══ Data records ══

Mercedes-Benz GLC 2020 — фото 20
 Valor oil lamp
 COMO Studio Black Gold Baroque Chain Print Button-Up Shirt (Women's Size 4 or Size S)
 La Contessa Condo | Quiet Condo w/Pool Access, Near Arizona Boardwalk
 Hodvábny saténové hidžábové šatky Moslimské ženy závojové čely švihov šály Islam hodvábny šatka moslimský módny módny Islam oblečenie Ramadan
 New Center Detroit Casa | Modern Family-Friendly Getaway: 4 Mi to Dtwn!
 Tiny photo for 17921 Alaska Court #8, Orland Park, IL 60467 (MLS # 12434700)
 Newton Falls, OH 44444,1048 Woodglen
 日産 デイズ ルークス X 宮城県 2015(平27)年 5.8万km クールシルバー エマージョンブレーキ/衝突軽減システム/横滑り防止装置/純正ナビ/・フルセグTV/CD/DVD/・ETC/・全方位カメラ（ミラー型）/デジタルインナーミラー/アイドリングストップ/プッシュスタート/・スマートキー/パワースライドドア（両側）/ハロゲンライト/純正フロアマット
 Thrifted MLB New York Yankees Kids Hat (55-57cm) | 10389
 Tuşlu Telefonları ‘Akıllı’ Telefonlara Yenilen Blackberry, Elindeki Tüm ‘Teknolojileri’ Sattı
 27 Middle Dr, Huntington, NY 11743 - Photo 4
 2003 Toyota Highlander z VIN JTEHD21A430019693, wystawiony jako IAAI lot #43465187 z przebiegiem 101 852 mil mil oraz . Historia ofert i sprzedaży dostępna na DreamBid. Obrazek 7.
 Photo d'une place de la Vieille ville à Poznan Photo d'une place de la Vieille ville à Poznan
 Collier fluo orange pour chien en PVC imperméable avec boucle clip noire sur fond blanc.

═══

Exercise - Make an exact transcription of all the records.

Reply to the task -
Mercedes-Benz GLC 2020 — фото 20
 Valor oil lamp
 COMO Studio Black Gold Baroque Chain Print Button-Up Shirt (Women's Size 4 or Size S)
 La Contessa Condo | Quiet Condo w/Pool Access, Near Arizona Boardwalk
 Hodvábny saténové hidžábové šatky Moslimské ženy závojové čely švihov šály Islam hodvábny šatka moslimský módny módny Islam oblečenie Ramadan
 New Center Detroit Casa | Modern Family-Friendly Getaway: 4 Mi to Dtwn!
 Tiny photo for 17921 Alaska Court #8, Orland Park, IL 60467 (MLS # 12434700)
 Newton Falls, OH 44444,1048 Woodglen
 日産 デイズ ルークス X 宮城県 2015(平27)年 5.8万km クールシルバー エマージョンブレーキ/衝突軽減システム/横滑り防止装置/純正ナビ/・フルセグTV/CD/DVD/・ETC/・全方位カメラ（ミラー型）/デジタルインナーミラー/アイドリングストップ/プッシュスタート/・スマートキー/パワースライドドア（両側）/ハロゲンライト/純正フロアマット
 Thrifted MLB New York Yankees Kids Hat (55-57cm) | 10389
 Tuşlu Telefonları ‘Akıllı’ Telefonlara Yenilen Blackberry, Elindeki Tüm ‘Teknolojileri’ Sattı
 27 Middle Dr, Huntington, NY 11743 - Photo 4
 2003 Toyota Highlander z VIN JTEHD21A430019693, wystawiony jako IAAI lot #43465187 z przebiegiem 101 852 mil mil oraz . Historia ofert i sprzedaży dostępna na DreamBid. Obrazek 7.
 Photo d'une place de la Vieille ville à Poznan Photo d'une place de la Vieille ville à Poznan
 Collier fluo orange pour chien en PVC imperméable avec boucle clip noire sur fond blanc.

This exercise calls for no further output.